WHAT TO DO: Copies of all lines that contain "This" are needed; take them from the data below.
· · ·
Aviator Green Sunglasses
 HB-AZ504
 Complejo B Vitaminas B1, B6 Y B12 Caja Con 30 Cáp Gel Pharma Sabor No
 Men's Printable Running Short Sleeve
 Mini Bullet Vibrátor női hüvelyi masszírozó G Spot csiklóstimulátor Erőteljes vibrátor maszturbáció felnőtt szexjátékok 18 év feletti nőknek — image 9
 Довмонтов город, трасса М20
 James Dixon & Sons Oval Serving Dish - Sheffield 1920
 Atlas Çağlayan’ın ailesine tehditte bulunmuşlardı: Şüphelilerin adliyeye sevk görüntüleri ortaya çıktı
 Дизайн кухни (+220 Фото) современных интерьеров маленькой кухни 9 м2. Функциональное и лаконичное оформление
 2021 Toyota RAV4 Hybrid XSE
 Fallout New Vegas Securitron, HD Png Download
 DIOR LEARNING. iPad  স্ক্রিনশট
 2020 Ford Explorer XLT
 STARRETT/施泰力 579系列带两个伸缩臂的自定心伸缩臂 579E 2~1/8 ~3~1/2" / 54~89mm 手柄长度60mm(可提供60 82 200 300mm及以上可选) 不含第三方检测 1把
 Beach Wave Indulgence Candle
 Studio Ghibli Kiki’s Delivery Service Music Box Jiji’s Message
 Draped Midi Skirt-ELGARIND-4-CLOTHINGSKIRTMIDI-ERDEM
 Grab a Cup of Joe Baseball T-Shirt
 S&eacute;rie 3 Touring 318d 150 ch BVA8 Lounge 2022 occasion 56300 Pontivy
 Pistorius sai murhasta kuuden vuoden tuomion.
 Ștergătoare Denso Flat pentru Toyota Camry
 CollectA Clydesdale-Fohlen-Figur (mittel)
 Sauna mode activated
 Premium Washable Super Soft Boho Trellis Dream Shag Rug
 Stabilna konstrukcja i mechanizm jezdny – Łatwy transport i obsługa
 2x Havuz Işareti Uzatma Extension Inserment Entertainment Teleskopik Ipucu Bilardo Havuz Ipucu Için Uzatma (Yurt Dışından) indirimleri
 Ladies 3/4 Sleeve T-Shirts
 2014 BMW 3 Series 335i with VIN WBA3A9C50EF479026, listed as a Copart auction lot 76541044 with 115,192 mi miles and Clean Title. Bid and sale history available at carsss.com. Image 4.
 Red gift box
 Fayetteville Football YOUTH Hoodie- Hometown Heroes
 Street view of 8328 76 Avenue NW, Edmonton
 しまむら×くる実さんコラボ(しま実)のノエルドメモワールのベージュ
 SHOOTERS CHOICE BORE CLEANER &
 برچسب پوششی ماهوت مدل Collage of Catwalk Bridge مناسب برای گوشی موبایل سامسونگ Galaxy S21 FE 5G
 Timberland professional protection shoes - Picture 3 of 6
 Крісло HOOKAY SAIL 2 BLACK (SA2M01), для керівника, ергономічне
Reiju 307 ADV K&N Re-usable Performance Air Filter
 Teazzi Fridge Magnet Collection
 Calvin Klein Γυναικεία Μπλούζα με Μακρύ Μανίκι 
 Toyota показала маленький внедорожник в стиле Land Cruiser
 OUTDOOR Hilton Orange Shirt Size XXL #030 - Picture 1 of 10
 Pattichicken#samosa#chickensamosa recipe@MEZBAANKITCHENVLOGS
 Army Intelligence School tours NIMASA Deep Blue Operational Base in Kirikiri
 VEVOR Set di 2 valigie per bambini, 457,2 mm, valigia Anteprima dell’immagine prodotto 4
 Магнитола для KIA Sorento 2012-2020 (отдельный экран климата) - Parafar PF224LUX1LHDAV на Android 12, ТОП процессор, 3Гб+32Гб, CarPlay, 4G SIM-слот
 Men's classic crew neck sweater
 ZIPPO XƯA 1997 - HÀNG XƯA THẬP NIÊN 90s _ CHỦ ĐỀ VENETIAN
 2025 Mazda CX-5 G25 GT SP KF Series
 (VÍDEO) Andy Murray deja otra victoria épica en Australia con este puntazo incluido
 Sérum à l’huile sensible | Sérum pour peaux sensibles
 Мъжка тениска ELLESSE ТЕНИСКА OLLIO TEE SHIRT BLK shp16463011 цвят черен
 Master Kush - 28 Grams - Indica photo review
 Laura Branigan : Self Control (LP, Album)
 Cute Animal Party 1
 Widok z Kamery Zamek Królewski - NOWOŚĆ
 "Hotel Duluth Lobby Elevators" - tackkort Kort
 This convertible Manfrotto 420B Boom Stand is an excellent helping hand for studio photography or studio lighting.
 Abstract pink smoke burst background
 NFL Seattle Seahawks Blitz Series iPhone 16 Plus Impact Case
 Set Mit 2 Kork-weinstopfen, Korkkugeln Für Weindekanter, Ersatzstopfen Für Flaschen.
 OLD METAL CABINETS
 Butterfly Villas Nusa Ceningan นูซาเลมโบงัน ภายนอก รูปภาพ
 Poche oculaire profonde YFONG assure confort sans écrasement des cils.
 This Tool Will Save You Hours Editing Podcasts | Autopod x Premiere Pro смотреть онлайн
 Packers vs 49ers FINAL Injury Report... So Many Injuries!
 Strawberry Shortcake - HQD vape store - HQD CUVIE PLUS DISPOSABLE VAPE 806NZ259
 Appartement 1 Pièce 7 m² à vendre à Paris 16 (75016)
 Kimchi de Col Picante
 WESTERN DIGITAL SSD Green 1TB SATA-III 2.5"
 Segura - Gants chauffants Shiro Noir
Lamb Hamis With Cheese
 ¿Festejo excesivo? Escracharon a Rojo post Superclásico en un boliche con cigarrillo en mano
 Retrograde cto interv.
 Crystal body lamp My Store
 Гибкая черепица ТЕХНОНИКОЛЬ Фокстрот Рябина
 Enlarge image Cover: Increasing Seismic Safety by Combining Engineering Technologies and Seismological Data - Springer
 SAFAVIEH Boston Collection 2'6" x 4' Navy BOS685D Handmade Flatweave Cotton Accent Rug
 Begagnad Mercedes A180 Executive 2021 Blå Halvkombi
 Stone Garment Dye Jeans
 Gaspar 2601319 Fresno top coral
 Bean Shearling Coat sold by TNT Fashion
· · ·
WRITTEN SOLUTION:
 This convertible Manfrotto 420B Boom Stand is an excellent helping hand for studio photography or studio lighting.
 This Tool Will Save You Hours Editing Podcasts | Autopod x Premiere Pro смотреть онлайн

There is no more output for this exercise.